▶ _EXERCISE MATERIAL_
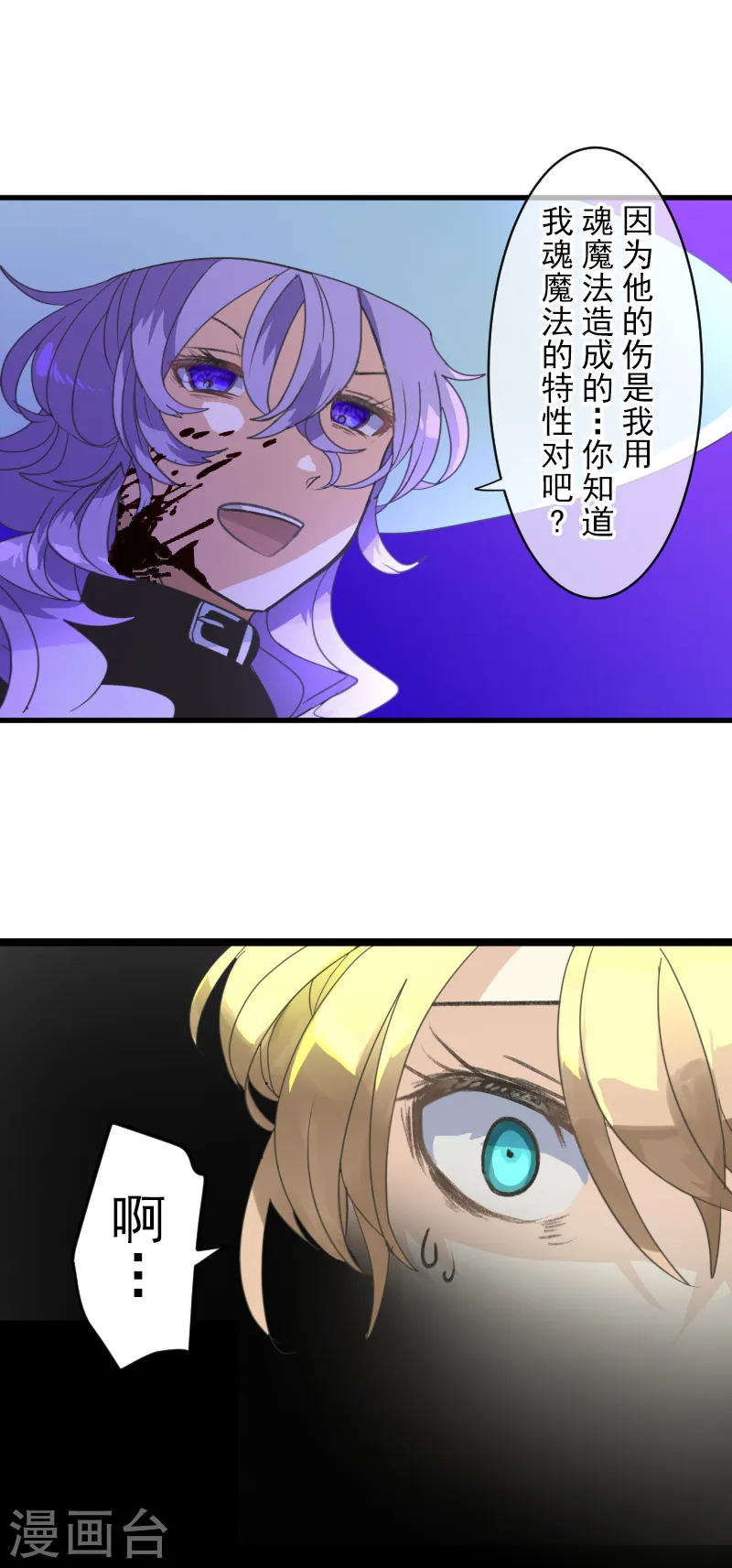 第263话 真正的身份 第9页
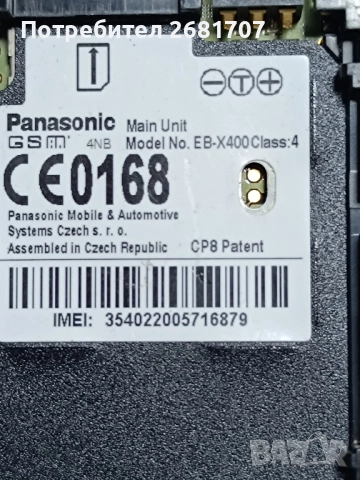 телефон Panasonic EB-X400Class.4, снимка 4 - Други - 52355565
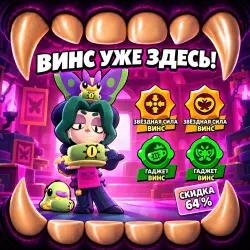 New VINCE fighter | NEW SKIN | BRAWL STARS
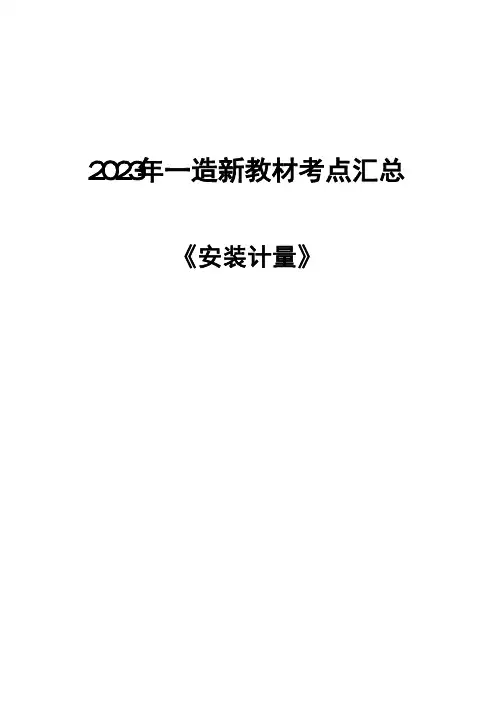 2023年一造《建设工程技术与计量(安装)》考点汇总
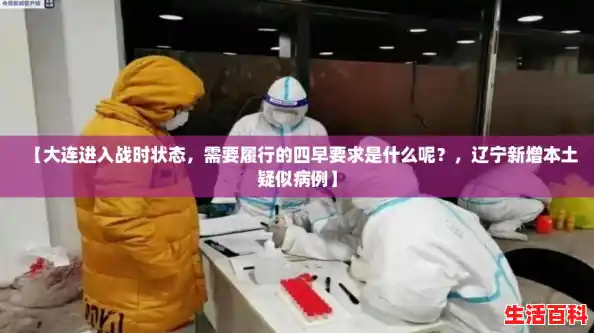 【大连进入战时状态，需要履行的四早要求是什么呢？，辽宁新增本土疑似病例】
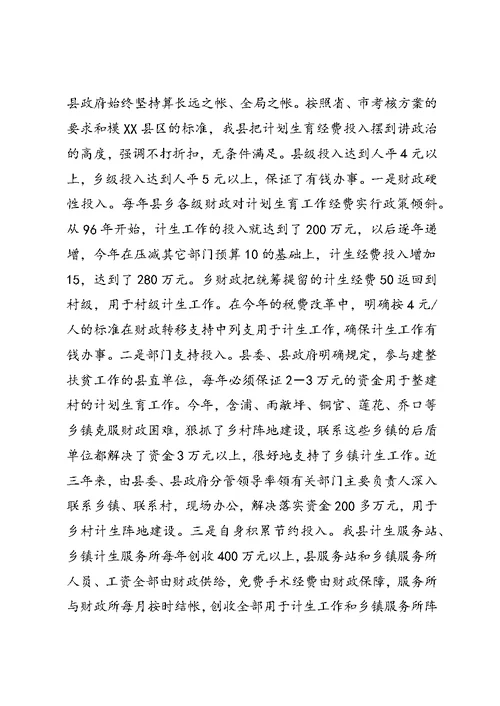 关于计划生育党政领导“亲自抓、负总责”和综合治理工作情况的汇报 (7)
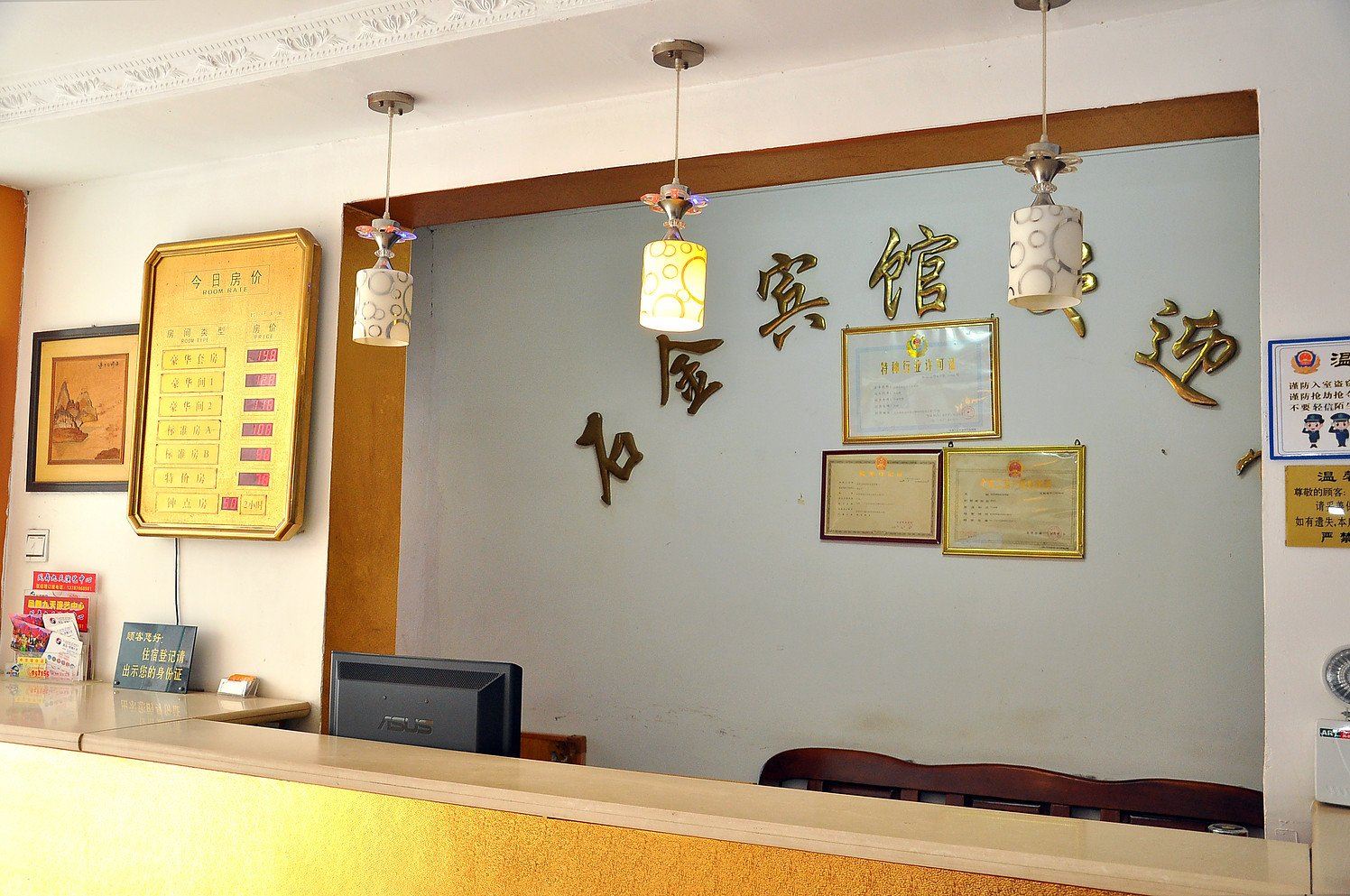 公共区域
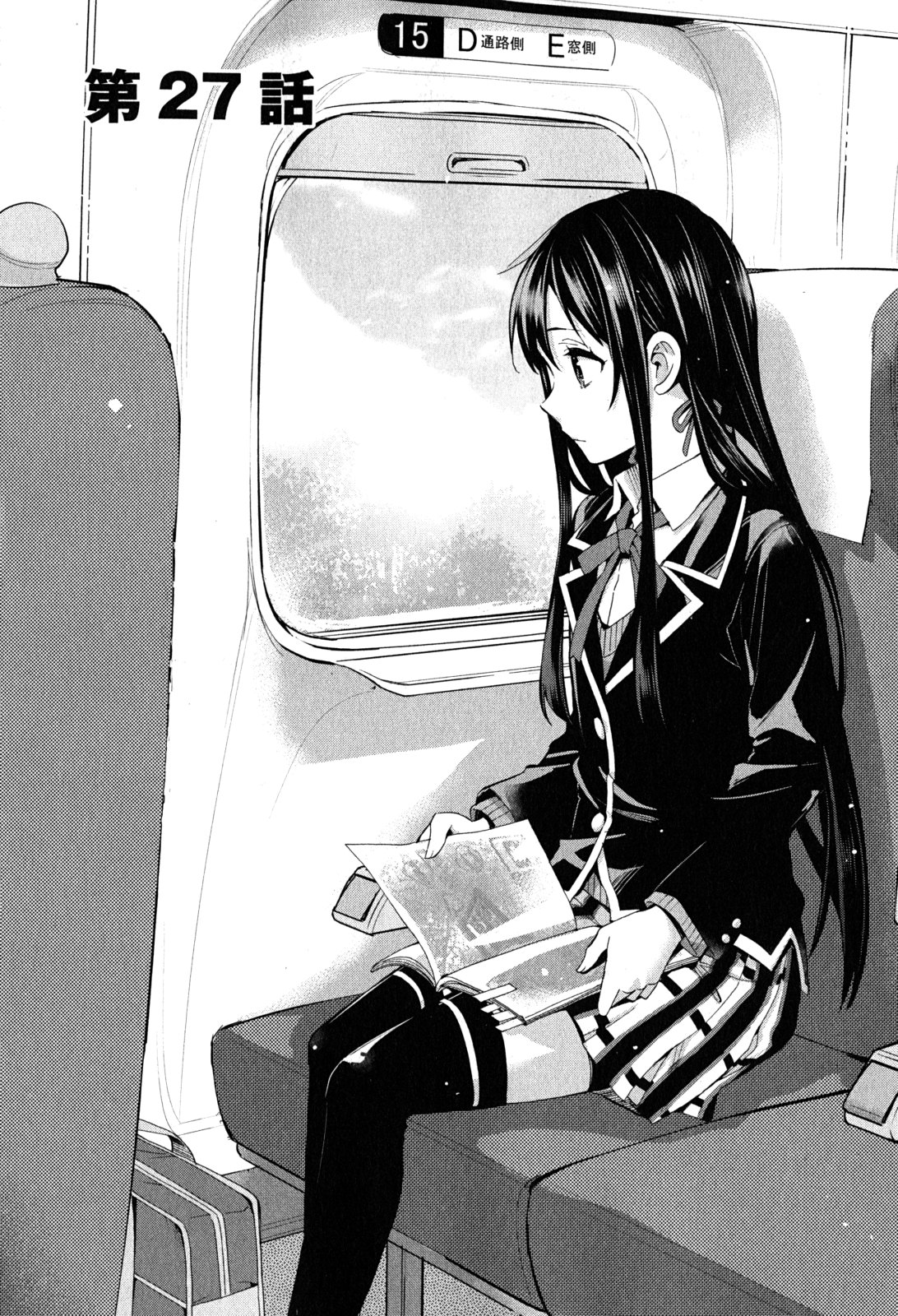 Yahari Ore no Seishun Rabukome wa Machigatte Iru. - Mougenroku Chapter 27 1ページ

▶ _WORK INSTRUCTION_
Without any pictures, return the material above exactly.

▶ _EXERCISE ANSWER_
 第263话 真正的身份 第9页
 телефон Panasonic EB-X400Class.4, снимка 4 - Други - 52355565
 New VINCE fighter | NEW SKIN | BRAWL STARS
 2023年一造《建设工程技术与计量(安装)》考点汇总
 【大连进入战时状态，需要履行的四早要求是什么呢？，辽宁新增本土疑似病例】
 关于计划生育党政领导“亲自抓、负总责”和综合治理工作情况的汇报 (7)
 公共区域
 Yahari Ore no Seishun Rabukome wa Machigatte Iru. - Mougenroku Chapter 27 1ページ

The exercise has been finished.